A gene therapy study focused on finding a cure for a rare congenital blinding disease has been recognized as one of the ten most outstanding clinical research projects of the year by the Clinical Research Forum (CRF). The study, led by Jean Bennett, MD, Phd, F.M. Kirby professor of Ophthalmology at the University of Pennsylvania School of Medicine, and carried out in collaboration with Penn Medicine's Albert M. Maguire, MD, and Katherine A. High, MD at The Children's Hospital of Philadelphia (CHOP), has been presented with the Distinguished Clinical Research Achievement Award, the second highest given in the CRF's Annual Top 10 Clinical Research Achievement Awards. CRF award winners are cited as the most compelling examples of scientific innovation that results from the nation's investment in clinical research that can benefit human health and welfare.

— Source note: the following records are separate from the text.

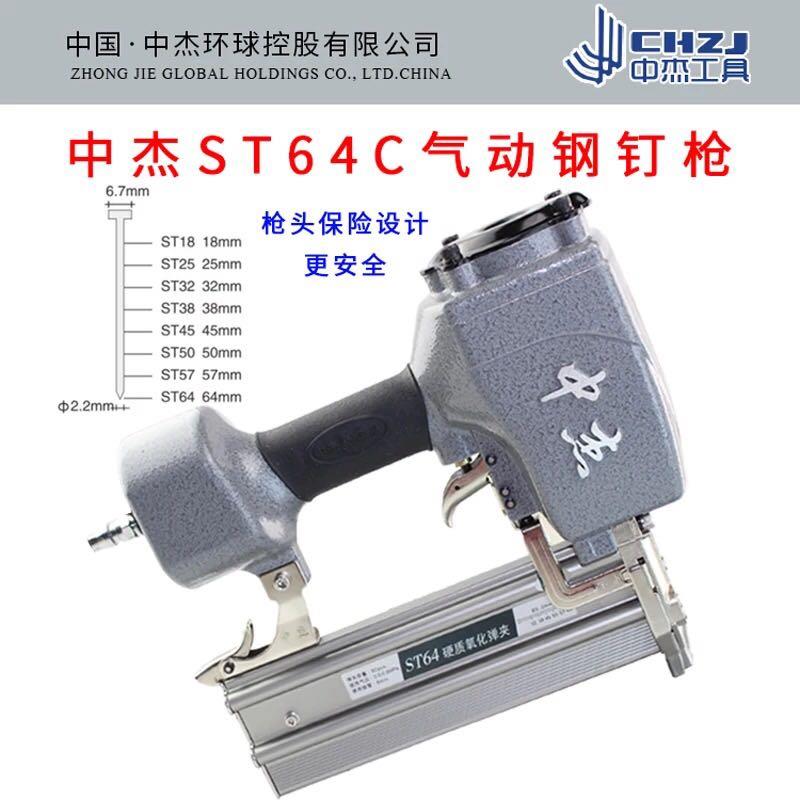 中杰ST64C气动钢钉枪 线槽钉枪 64水泥钉枪 钢排钉枪 木工气钉枪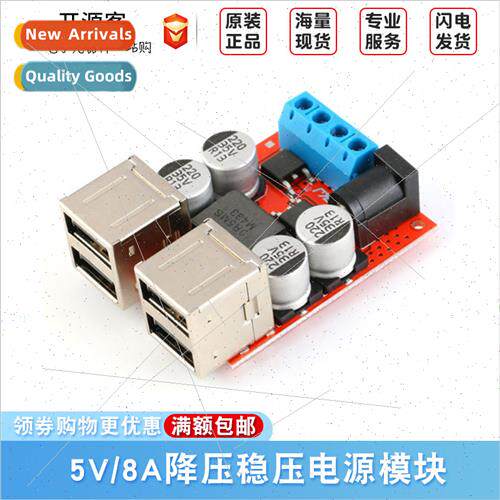 DC-DC 5V 8A Buck Regulator Power Supply Module 4-Port USB Ou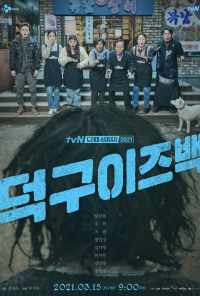 Ток-ку вернулся (2021) онлайн бесплатно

The results of the most recent phase of the study for Leber's Congenital Amaurosis (LCA) at CHOP have led to the first Phase 3 gene therapy study in the United States and the first Phase 3 gene therapy study in the world for a non-lethal disorder. The team of researchers hopes that the studies could lead to the first approved gene therapy product in the United States.
"The data from our study has already been used to develop additional clinical trials for other blinding diseases," said Bennett. "There are two things that I think are really going to be important from this work: one, that we'll move forward with this particular disease and get approval for the drug that we've been developing, and two, that this could ultimately lead to approved treatments for other currently untreatable conditions."